Antes de prosseguir, algumas considerações. Quem primeiro recomendou “lançar dinheiro de helicóptero” em situações especiais – como para enfrentar grandes crises – não foi ninguém menos que o guru do monetarismo e da Escola de Chicago, Prêmio Nobel de Economia (1976), Milton Friedman. Foi também o que em 2008 repetiu para justificar suas emissões o então presidente do Federal Reserve (Fed, o banco central dos Estados Unidos), Ben Bernanke.

No Brasil, postura semelhante do Banco Central vem sendo defendida por um dos pais do Plano Real, o economista André Lara Resende. Para ele, a velha ordem monetária ruiu e, em seu lugar, deve ser adotada a Teoria Monetária Moderna (MMT, na sigla em inglês). Um dos pressupostos dessa teoria é o de que a inflação não é o resultado da expansão de moeda, mas das expectativas do mercado. Se as expectativas de inflação estão bem ancoradas, não há razões especiais para a disparada dos preços.

Como consequência desse ponto de vista, além de sacrificar demais a população, as políticas baseadas na austeridade fiscal são burras e desnecessárias. E a dívida pública poderia perfeitamente ser rolada com base em prazos mais dilatados (substituição de dívida de curto prazo por dívida de longo prazo) para evitar o alastramento da desconfiança. Finalmente, os juros poderiam permanecer muito baixos e, nessas condições, deixariam de ser fator de aumento da dívida pública e, portanto, de fuga de capitais.

Quando afirmou no dia 10 que uma excessiva expansão da dívida poderia conduzir rapidamente à hiperinflação e que, se houver uma segunda onda da pandemia de covid-19, será necessário distribuir nova rodada de ajudas emergenciais, o ministro da Economia, Paulo Guedes, um dos discípulos da Escola de Chicago, parece inclinado, em situações extremas, a um despejo de moeda “por helicóptero”.

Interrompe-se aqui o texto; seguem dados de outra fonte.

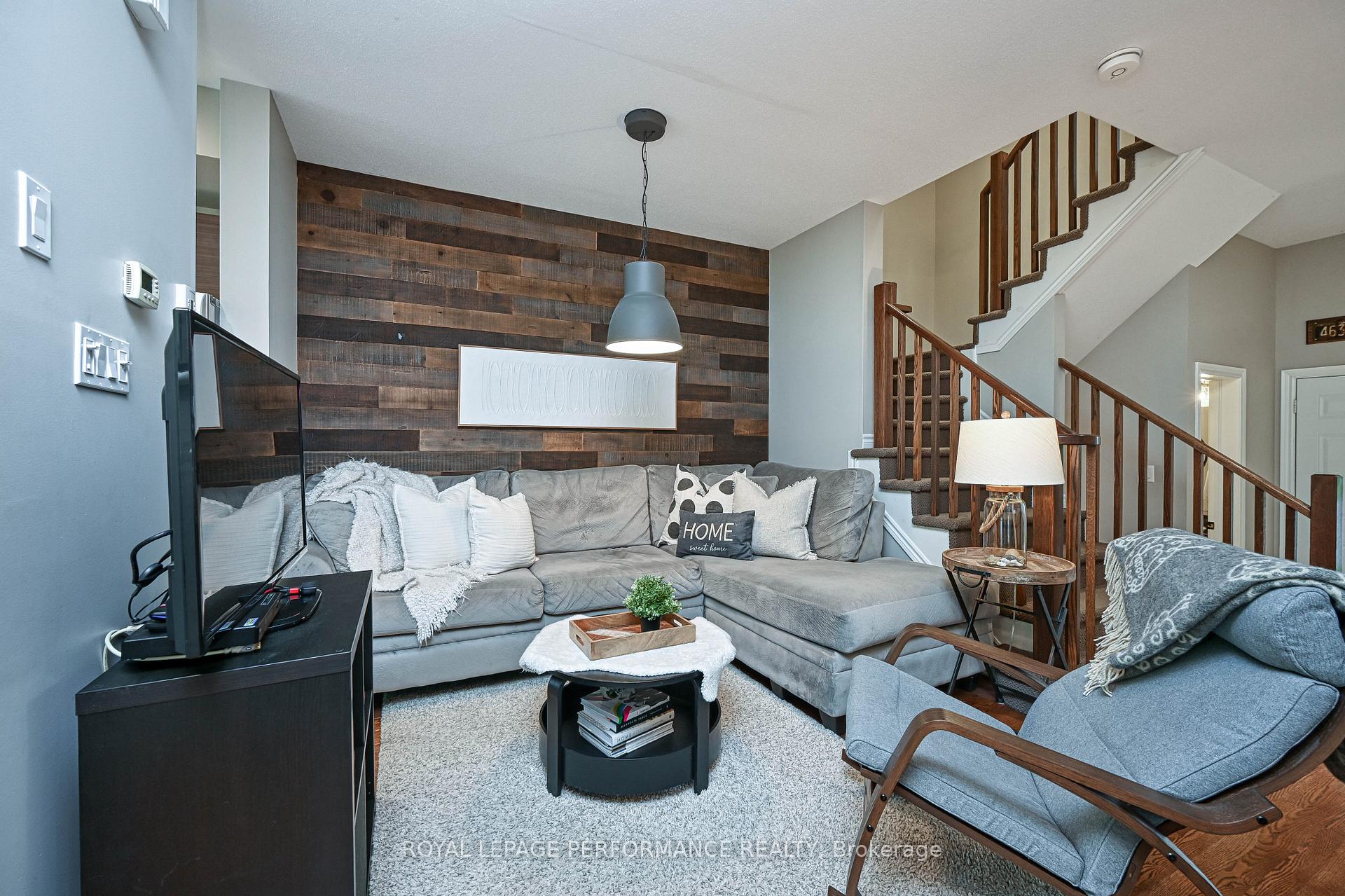 Photo 8 of 664 Whitecliffs Avenue, Ottawa, Riverside South — HOMEH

A questão central é a de que a MMT se baseia em expectativas bem ancoradas, portanto num fator psicossocial que depende da confiança na política econômica e nos rumos da economia. Como o Brasil é terra de enforcados, falar em corda ou até não falar nela não deixa de ser problema.

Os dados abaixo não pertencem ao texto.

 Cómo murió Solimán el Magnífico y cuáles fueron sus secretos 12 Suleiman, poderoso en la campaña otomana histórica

E temos o que aconteceu nos últimos meses. Bastou a distribuição de auxílio emergencial para que se produzisse um estouro na demanda de alimentos e de materiais de construção. E a inflação, que parecia desmaiada, voltou a se pôr em pé.

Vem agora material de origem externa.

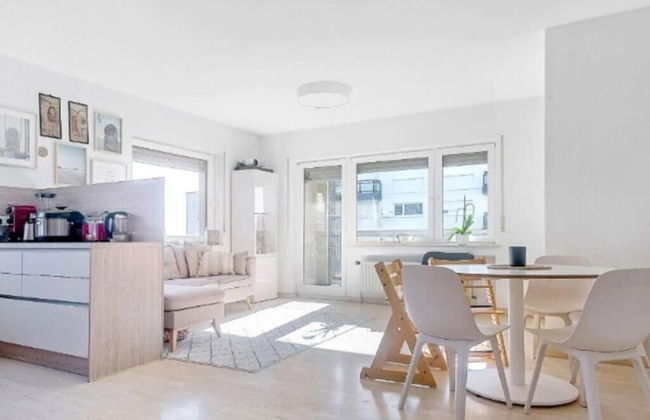 3 Bedrooms in Center Parking&Terrace - Photo 13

Não basta argumentar que isso apenas aconteceu porque houve momentânea desorganização da oferta (desencontro de estoques) e desconsiderar o efeito do excesso de moeda.

Nos países em que, apesar da forte emissão de moeda, a inflação se mantém em torno de zero e 2% ao ano, além de forte confiança, houve e continua a haver grande “empoçamento” de liquidez. Ou seja, os recursos não circulam e não se multiplicam a ponto de produzir grande expansão de demanda – até porque as incertezas em relação ao futuro e à quebra de patrimônio pelos juros em torno de zero induziram o consumidor a não se atirar às compras.

Enfim, a economia brasileira teria de ganhar muito mais saúde e musculatura antes de adotar essas novidades.